What the task requires ▸ Output all records exactly, with no images.

Records excerpted from a collection

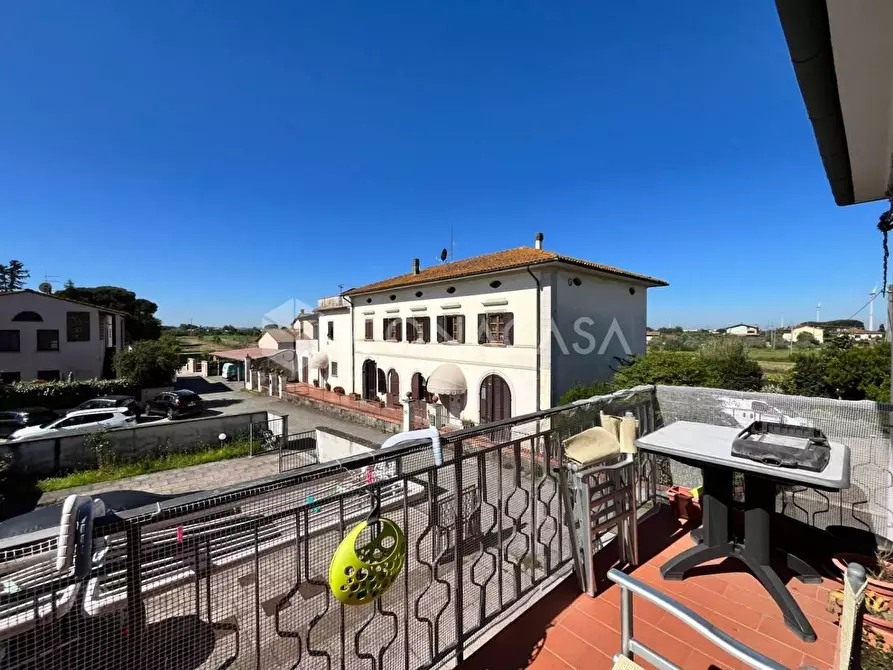 Immagine 6 di Appartamento in vendita  a Pontedera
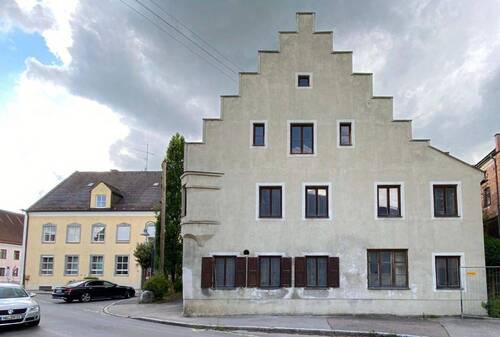Bild 1 - Der Markt Hohenwart verkauft die alte Zwickl-Brauerei im Herzen der Marktgemeinde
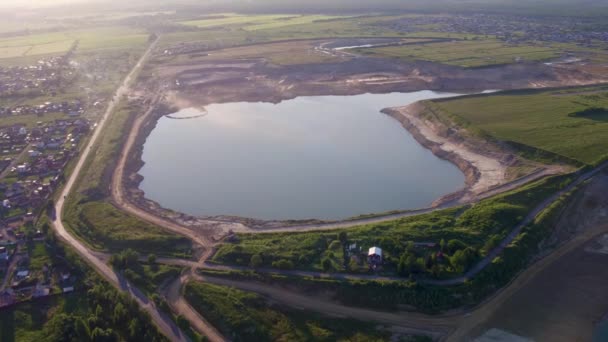 Het uitzicht vanuit de hoogte van de ontwikkeling van een zandbak. Lake in de buurt van de zandbak. — Stockvideo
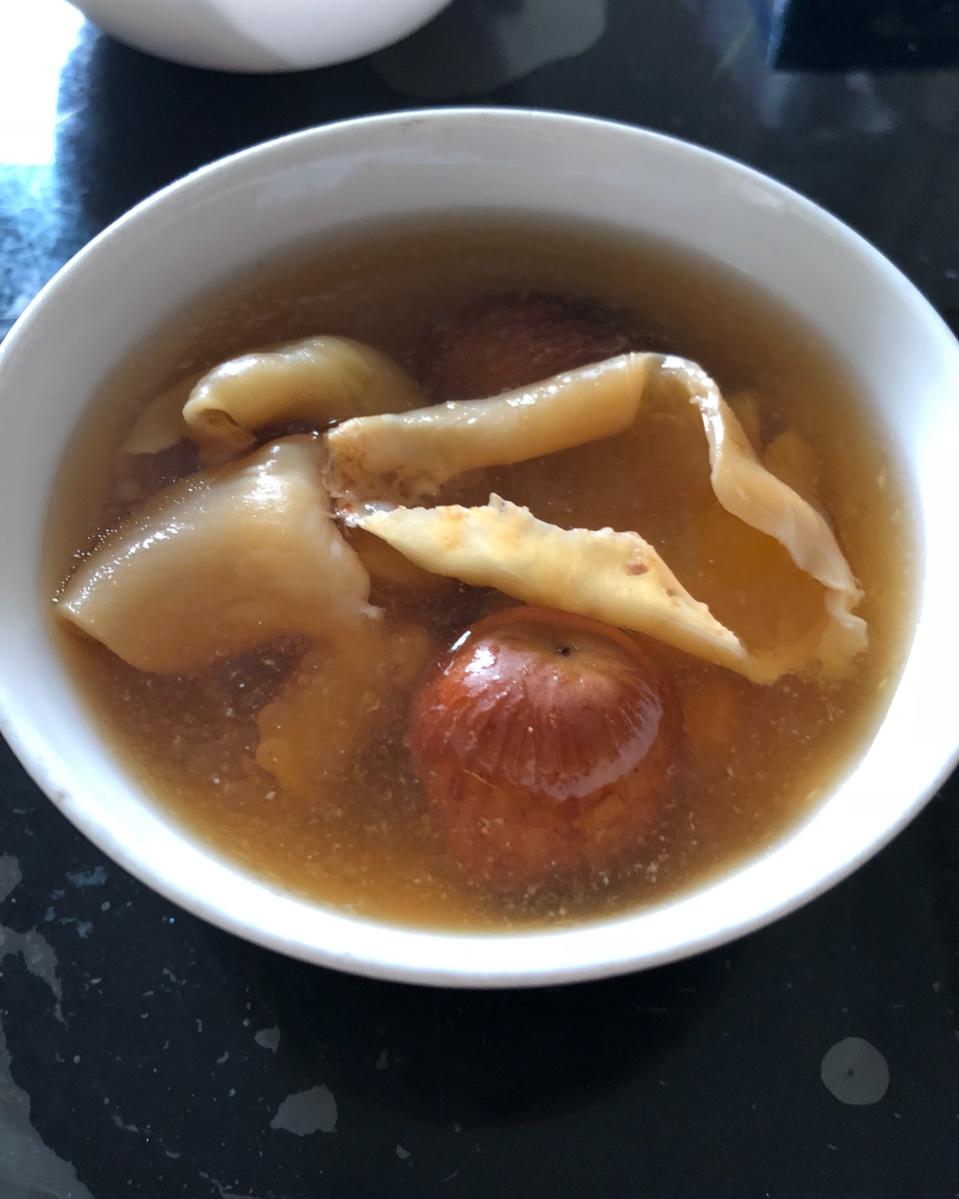 丹丹825-1做的花胶瑶柱炖瘦肉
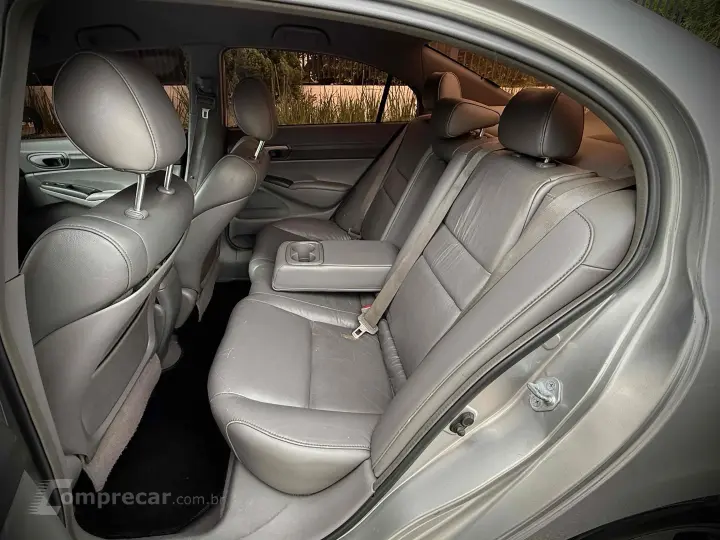 CIVIC 1.8 LXS 16V GASOLINA 4P AUTOMÁTICO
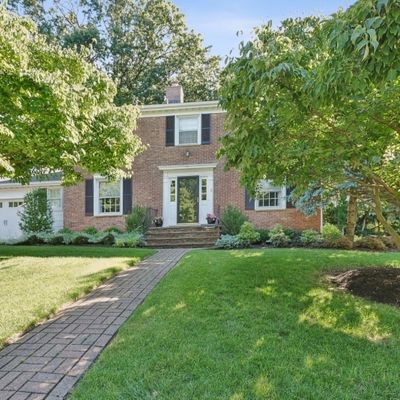 5 Carteret Ct, Madison, NJ 07940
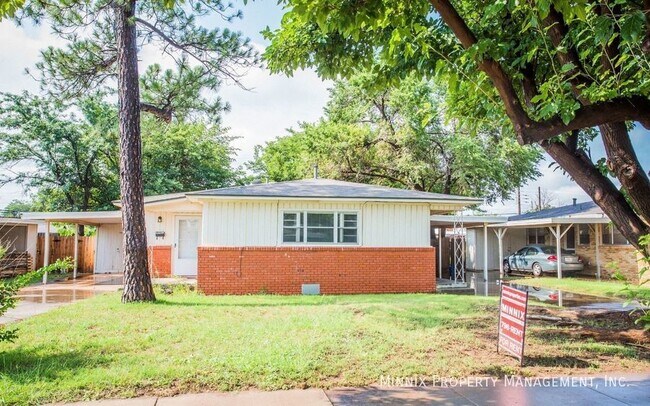 4405 31st St in Lubbock, TX - Building Photo - Building Photo
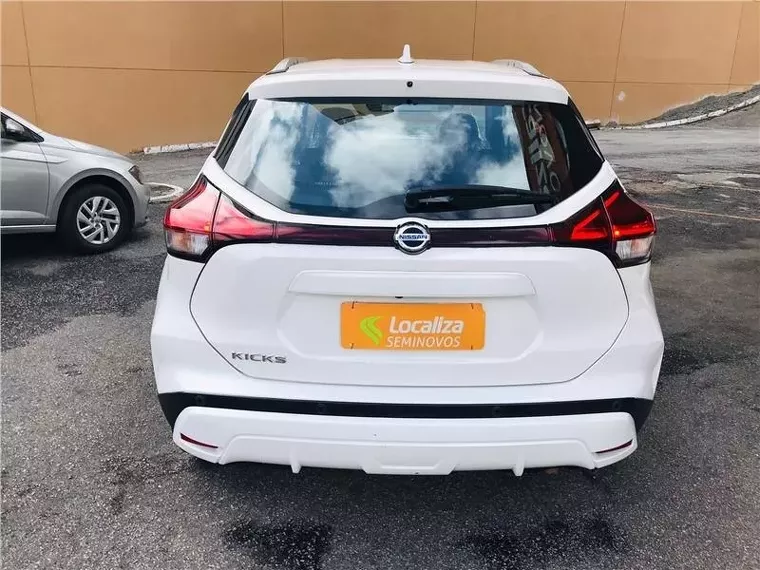 Nissan Kicks Branco 2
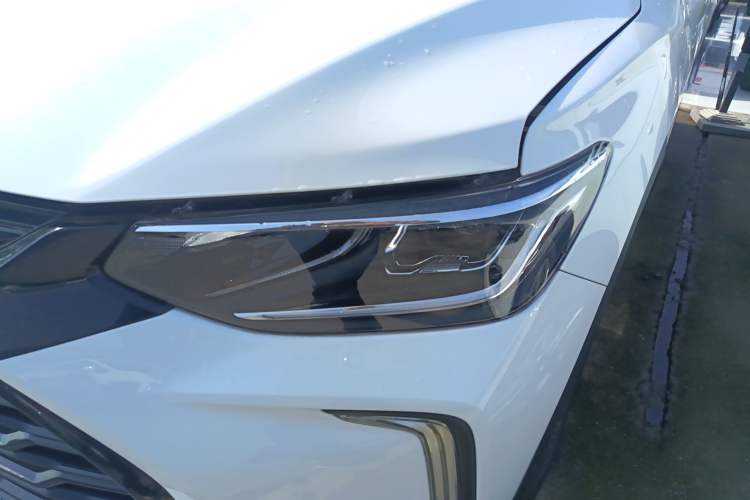 Used Chevrolet Trax 2022 Encore RS 1.5T CVT Cool Left Front Headlight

Answer to this task ▸
 Immagine 6 di Appartamento in vendita  a Pontedera
Bild 1 - Der Markt Hohenwart verkauft die alte Zwickl-Brauerei im Herzen der Marktgemeinde
 Het uitzicht vanuit de hoogte van de ontwikkeling van een zandbak. Lake in de buurt van de zandbak. — Stockvideo
 丹丹825-1做的花胶瑶柱炖瘦肉
 CIVIC 1.8 LXS 16V GASOLINA 4P AUTOMÁTICO
 5 Carteret Ct, Madison, NJ 07940
 4405 31st St in Lubbock, TX - Building Photo - Building Photo
 Nissan Kicks Branco 2
 Used Chevrolet Trax 2022 Encore RS 1.5T CVT Cool Left Front Headlight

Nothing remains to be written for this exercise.